I expected a line outside Lyndale Hardware looped through the parking lot. Despite the face-numbing cold, Richfield residents would follow the latest bit advice from their federal government. The advice? Buy duct tape.

No luck. No line. Driving by, I wondered aloud whether Tom Ridge holds stock in 3M or another duct tape manufacturer. While my town's response looked lukewarm, both Lowe's and Home Depot in Alexandria, VA, sold out overnight. Along with everyone's favorite adhesive, Ridge recommended Americans store up water, food, radios and first aid kits. What, no gas masks?

These recommendations were made after the Department of Homeland Security raised the "national terror level" (whatever that is) to orange. Orange isn't as bad as red, but better than yellow or green or blue. Ridge, along with John Ashcroft and Robert Mueller, explained that the increase was due to an increased level of chatter among al Qaeda operatives.

Chatter? I envision bin Laden on al Jazeera saying things like "heeeeeyy Bushy-Bushy-Bushy swiiiiing Bushy" or "easy-out Ashcroft, easy-out Ashcroft" in an Arab accent. Anyone else?

Once again, citizens hear that credible terrorist threats are being made. And again, we get no details-- just another request that we change our lives based on a nebulous and vague warning. Hey everyone: be more vigilant in a general sort of way.

What do I change in my daily life, then, to adjust to this elevated level of risk? Be prepared? How can I not be prepared? I wish I could unprepare myself for the next attack. I work downtown-every time I hear a plane flying overhead, I look up and assume it'll crash into a building. I often feel like I'm waiting for the other shoe to drop-- with so many threats and increasing levels of risk, isn't it a matter of time before 9/11 happens again?

Actions such as raising the national terror level are pointless, unless your point is agitating an already-agitated public. I'd bet that no one changes their day-to-day activity due to this increase. So why do it? I see two potential negative consequences. First, this will not spur the economy-- a nervous, distracted public isn't likely to increase investing (duct tape companies notwithstanding.) Second, we will arrive at a point where these warnings don't mean anything. (Assuming, God willing, that the record of no subsequent attacks holds up.) It becomes a "boy who cried wolf" situation. What good is a warning if you're constantly living under a warning?
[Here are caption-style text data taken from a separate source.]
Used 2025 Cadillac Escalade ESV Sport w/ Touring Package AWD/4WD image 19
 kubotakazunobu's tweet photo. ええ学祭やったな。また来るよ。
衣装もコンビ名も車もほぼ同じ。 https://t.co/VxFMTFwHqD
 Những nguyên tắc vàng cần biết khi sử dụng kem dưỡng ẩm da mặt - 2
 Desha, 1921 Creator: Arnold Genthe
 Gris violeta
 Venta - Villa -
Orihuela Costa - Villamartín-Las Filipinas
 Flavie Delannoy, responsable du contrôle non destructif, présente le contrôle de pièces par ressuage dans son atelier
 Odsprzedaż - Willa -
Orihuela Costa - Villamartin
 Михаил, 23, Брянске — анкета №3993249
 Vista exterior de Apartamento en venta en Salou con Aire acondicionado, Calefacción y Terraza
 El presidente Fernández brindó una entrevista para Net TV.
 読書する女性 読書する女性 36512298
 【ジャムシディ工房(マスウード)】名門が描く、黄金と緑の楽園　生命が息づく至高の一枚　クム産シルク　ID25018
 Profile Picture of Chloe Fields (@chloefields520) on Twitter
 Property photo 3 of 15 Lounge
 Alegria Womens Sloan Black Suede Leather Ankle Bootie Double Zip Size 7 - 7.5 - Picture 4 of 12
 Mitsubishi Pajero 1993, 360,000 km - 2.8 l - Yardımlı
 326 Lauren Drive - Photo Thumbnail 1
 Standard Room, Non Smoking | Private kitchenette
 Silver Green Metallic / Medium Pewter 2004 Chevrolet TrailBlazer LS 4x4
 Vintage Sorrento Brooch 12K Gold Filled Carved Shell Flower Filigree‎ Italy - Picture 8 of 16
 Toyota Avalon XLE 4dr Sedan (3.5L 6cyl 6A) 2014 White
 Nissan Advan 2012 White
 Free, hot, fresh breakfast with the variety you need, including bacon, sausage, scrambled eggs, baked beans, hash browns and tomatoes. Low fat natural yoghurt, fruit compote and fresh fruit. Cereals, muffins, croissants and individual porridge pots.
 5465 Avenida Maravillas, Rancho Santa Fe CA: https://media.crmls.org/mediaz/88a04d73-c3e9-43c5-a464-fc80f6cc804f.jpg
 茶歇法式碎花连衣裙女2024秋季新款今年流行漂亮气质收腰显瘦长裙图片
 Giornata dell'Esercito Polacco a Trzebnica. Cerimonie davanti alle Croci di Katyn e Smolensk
If the administration really wants us to act, share some of the credible information gathered from the chatter. You're still scaring the population, but it's something concrete that people can prepare for. Could the motivation for the warnings be political in nature? I've been trying to tame cynicism, but the question should be asked. It's an easy way to distract and to build support. I don't believe this theory is true; yet I still am unsure of what raising the national terror level accomplishes.

And, can someone explain to me what the duct tape is for?